Отметив про себя, что надо без промедления вернуть Коке фуражку и поскорее надеть свою пилотку, я молчал. Что я мог сказать в свое оправдание, да и надо ли было говорить?.. Ни на минуту я не забывал, что в моем положении главное — не залупаться и не вылезать. Тем временем майор, подойдя к раковине слева от окна, сполоснул бритву, тщательно умыл лицо и вытер его большим мятым носовым платком.

— Ты оставил за себя Шишлина, он поручил роту сержанту, а тот взял и сам первым нажрался! Аллес нормалес!.. — возвратясь к окну, с издевкой сказал Елагин и после короткого молчания продолжал. — Двое погибли и двое ослепли, так что отстранение от должности ты заслужил и на меня не рассчитывай, я тебя защищать не буду! Совесть не позволяет!.. — пояснил он. — Иди к Астапычу, он человек добрый, жалостливый, и ты у него в любимчиках, иди к Фролову, он тоже относится к тебе неплохо… Может, они подсоломят… Не знаю… Боюсь, им сегодня не до тебя, у них сегодня еще «чепе» с полковником из Москвы… Еще один труп, ты же слышал… Тебя будут долбать и спереди, и сзади, но ты иди и царапайся — до последнего!
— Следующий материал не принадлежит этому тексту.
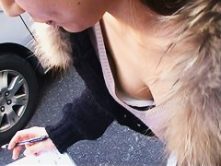 Sweet sexy babe is reading some paper and shows her boobies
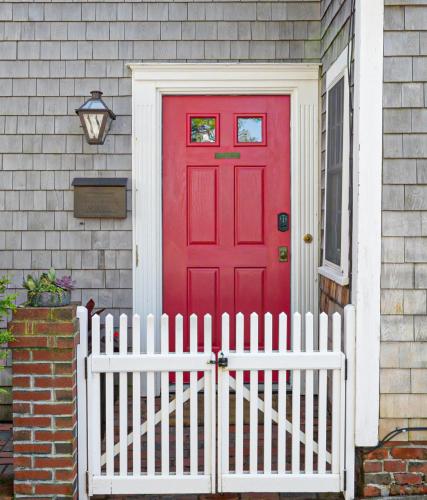 a red door on a house with a white fence at Martin House 157 in Provincetown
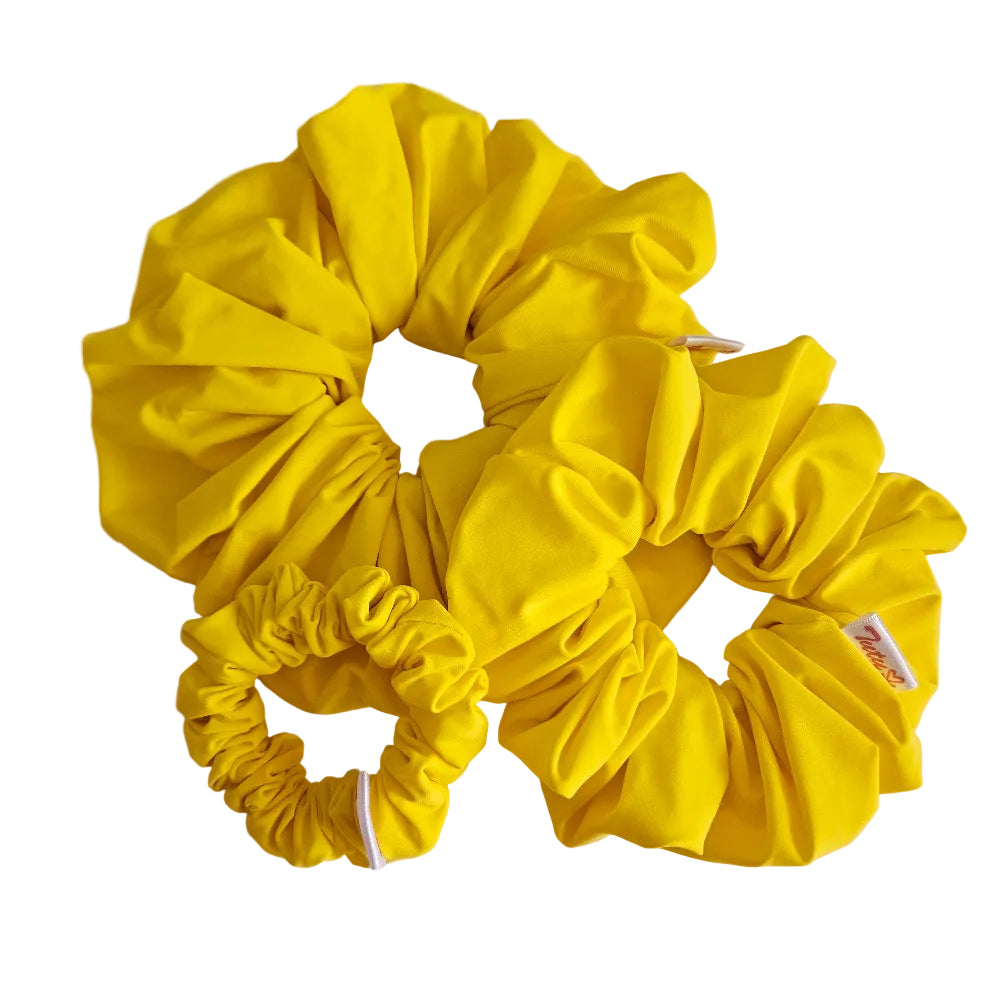 Three yellow lycra swim scrunchies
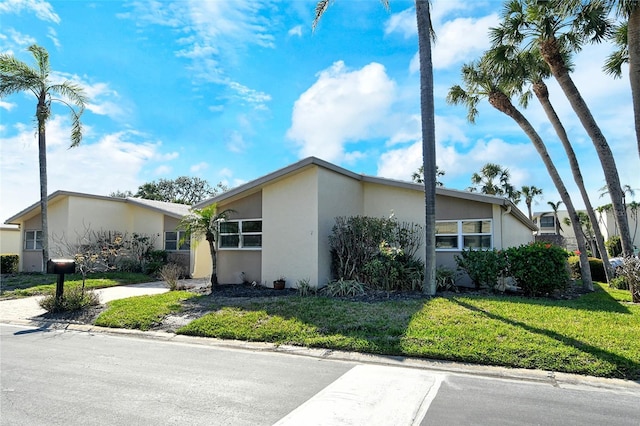 view of front of house featuring a front yard and stucco siding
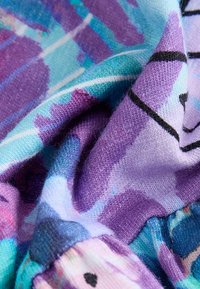 Gros plan sur un tissu doux avec des motifs abstraits vibrants en violet, bleu et teal, présentant une texture tricotée visible, montrant des plis et des creux.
Другого выхода у тебя нет. Дышельман — собака с повышенной злобностью, чтобы устроить мне подлянку, будет тебя топить вмертвую, схавает без соли — надеюсь, ты это уже понял?!

— За что? — потерянно проговорил я.

— Революционный инстинкт!.. Не было бы меня и тебя, других бы жрал!.. Это слепой животный инстинкт… постоянная жажда крови… — раздумчиво сказал Елагин. — Кем бы он был до революции?.. Жил бы в черте оседлости, где-нибудь в Сморгони или в Бердичеве, сапожничал или портняжничал, унижался бы перед заказчиками и перед каждым городовым шапку бы ломал! Был бы он тогда ничем, а теперь стал всем!.. Инспектор политотдела корпуса — это тебе не хала-бала, не фуё-моё и не баран начихал! Собирает недостатки, выискивает нарушителей и врагов и прямиком информирует начальника политотдела или самого командира корпуса… Раньше это доносами называлось, а теперь информацией… Да его не только равные по званию, его и полковники боятся!.. Вот напишет, как угрожал, что ты спал с немкой, и она тебя завербовала, и ведь не отмоешься!.. Жизни не хватит!.. Такую кучу навалит — на тачке не увезешь!.. А вот тебя увезти запросто могут!.. На Колыму, медведей пасти, — уточнил Елагин, с хмурым видом глядя в окно и, малость погодя, повернув ко мне лицо, продолжал. — Когда будет приказ командира корпуса, его не переделаешь, и уже никто — ни Астапыч, ни Фролов — тебе не поможет! А как оценит произошедшее генерал, неизвестно. С подачи Дышельмана он может и тебе «Валентину» прописать! Что мог, я сделал, а теперь сопли жуй и царапайся сам!

— Разрешите идти? — после недолгой растерянности я вскинул руку к козырьку, продолжая озабоченно осмысливать сказанное майором.